Putusan Mahkamah ini memberikan perlindungan terhadap seseorang yang mengalami proses hukum yang keliru pada saat ditetapkan sebagai tersangka.

Kemudian sebagaimana ketentuan Pasal 8 Undang-Undang Republik Indonesia Nomor 39 Tahun 1999 tentang Hak Asasi Manusia yang selanjutnya disebut sebagai “UU/39/1999” diatur bahwa:

“Perlindungan, pemajuan, penegakan, dan pemenuhan hak asasi manusia terutama menjadi tanggung jawab pemerintah.”

Oleh karenanya dalam hal ini berarti Mahkamah mengambil peran dalam pemenuhan Hak Asas Manusia (HAM) melalui putusannya sebagai bagian dari upaya responsif konstitusional. Satu di antara unsur perlindungan hukum yang ditekankan melalui putusan ini adalah kepastian hukum bahwa penyidik harus melakukan tindakan penyidikan sesuai dengan prosedur hukum yang berlaku.

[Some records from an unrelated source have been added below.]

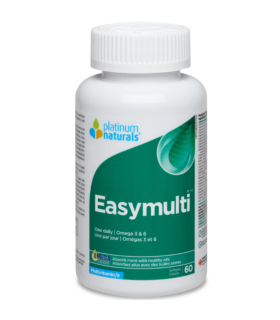Platinum Naturals 플래티넘 내추럴스 Easymulti® 60 소프트젤 | 매일 업데이트되는 특가 상품 | VITASHOP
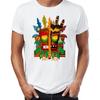 Watercolor Crash Bandicoot Funny Childhood Memory Nostalgia Artwork Drawing Printed Tee Men's T Shirt Graphic T Shirts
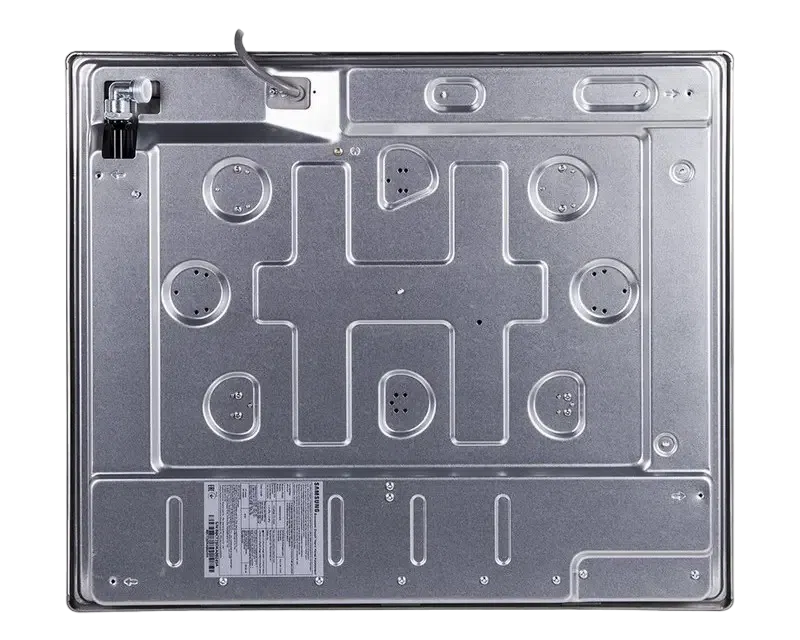 Газовая варочная панель Samsung NA64H3010AS/WT, Silver 4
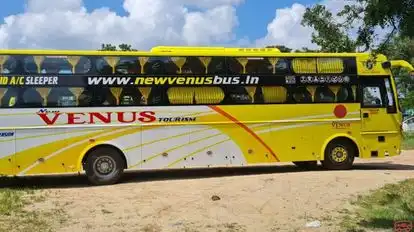 NEW VENUS TOURISM LLP Bus-Side Image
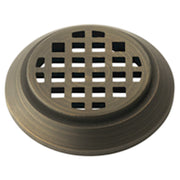 Kichler Mini Honeycomb Louver | Centennial Brass Brass | Lighting Accessory for Fixtures | 2.25 x 2.25 x 0.5 in | Model 16149CBR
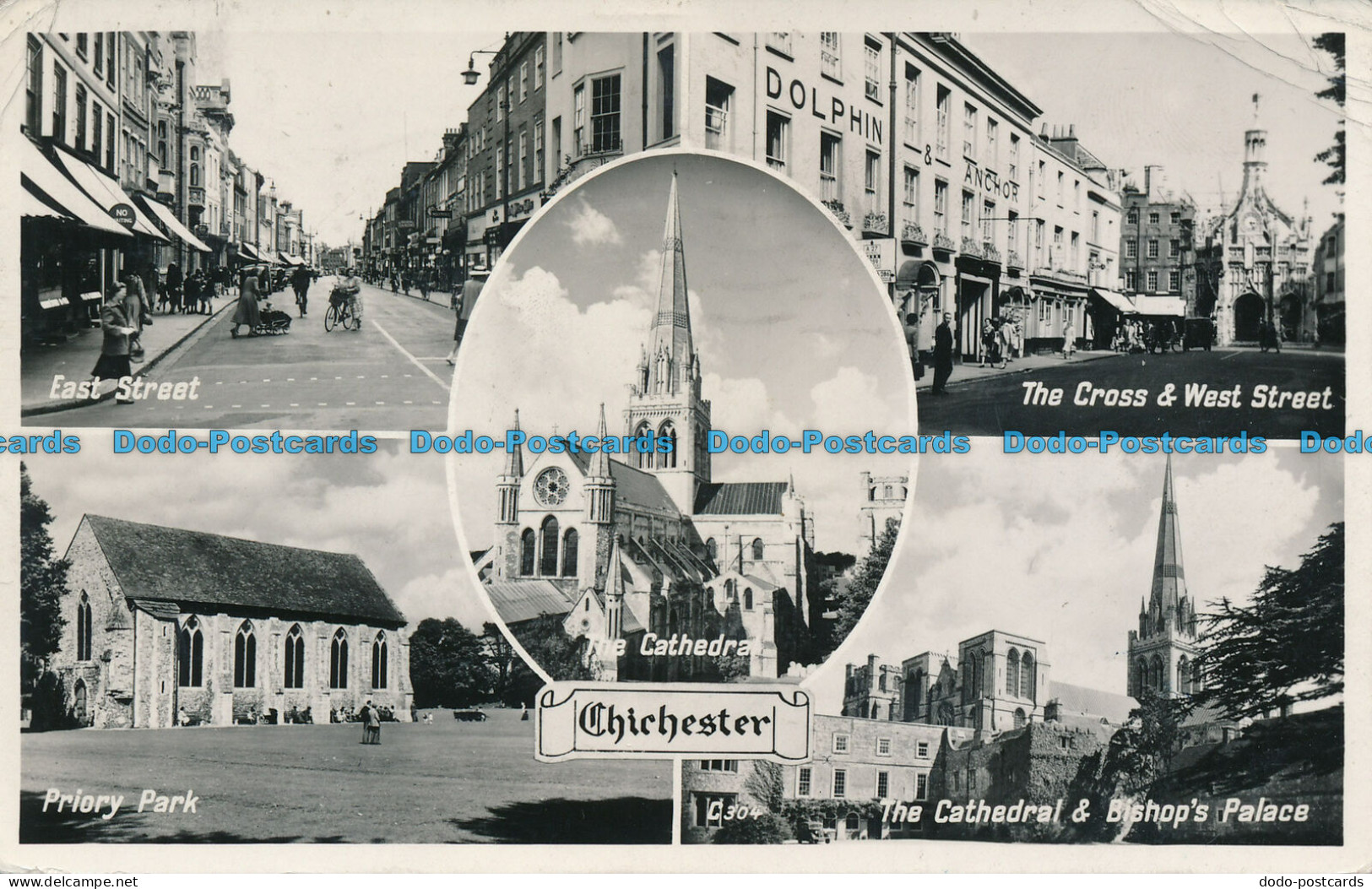 R081389 Chichester. Multi View. RP. 1960 - Monde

Setelah lahirnya Putusan Mahkamah ini, maka permohonan praperadilan atas penetapan tersangka memiliki landasan hukum untuk diajukan ke pengadilan namun terdapat karakteristik khusus pengajuan praperadilan terkait penetapan tersangka yakni:

a.       Penetapan tersangka tidak sah karena pemeriksan saksi-saksi, ahli, tersangka, penggeledahan, serta penyitaan dilakukan setelah penetapan tersangka sehingga tidak terpenuhinya 2 (dua) alat bukti;

b.      Permohonan praperadilan yang kedua kalinya mengenai penetapan tersangka tidak dapat dikategorikan sebagai ne bis in idem karena belum menyangkut pokok perkara,

c.       Penetapan tersangka atas dasar hasil pengembangan Penyidikan terhadap tersangka lainnya dalam berkas berbeda adalah tidak sah.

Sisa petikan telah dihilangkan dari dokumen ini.